▸ **Exercise objective**: With the line containing "Detailed view of" as the starting point, output the remaining lines of the data exactly as they are, through the last.
*** Block opens ***
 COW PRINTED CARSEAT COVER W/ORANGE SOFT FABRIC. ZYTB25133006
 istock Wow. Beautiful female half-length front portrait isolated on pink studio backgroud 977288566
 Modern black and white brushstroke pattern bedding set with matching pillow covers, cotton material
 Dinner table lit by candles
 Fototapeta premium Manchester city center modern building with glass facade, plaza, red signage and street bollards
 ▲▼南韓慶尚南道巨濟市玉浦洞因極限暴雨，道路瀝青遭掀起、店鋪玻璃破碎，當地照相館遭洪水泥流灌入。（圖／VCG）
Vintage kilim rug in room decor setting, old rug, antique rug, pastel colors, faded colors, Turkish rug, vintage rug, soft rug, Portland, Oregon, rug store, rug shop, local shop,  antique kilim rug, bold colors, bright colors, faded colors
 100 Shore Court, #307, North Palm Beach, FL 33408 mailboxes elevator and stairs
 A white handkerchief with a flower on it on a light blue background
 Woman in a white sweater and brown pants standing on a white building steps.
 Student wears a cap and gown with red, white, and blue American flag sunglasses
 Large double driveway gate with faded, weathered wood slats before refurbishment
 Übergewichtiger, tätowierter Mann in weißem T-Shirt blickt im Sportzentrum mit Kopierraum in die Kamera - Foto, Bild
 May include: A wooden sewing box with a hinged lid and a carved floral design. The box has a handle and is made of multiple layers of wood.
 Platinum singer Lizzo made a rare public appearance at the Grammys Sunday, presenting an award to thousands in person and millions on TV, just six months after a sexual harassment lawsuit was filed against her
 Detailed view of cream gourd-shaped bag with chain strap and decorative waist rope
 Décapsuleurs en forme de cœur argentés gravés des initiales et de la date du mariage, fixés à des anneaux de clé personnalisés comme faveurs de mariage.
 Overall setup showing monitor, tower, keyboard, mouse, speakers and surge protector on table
*** Block closes ***
▸ **Expected answer**:
 Detailed view of cream gourd-shaped bag with chain strap and decorative waist rope
 Décapsuleurs en forme de cœur argentés gravés des initiales et de la date du mariage, fixés à des anneaux de clé personnalisés comme faveurs de mariage.
 Overall setup showing monitor, tower, keyboard, mouse, speakers and surge protector on table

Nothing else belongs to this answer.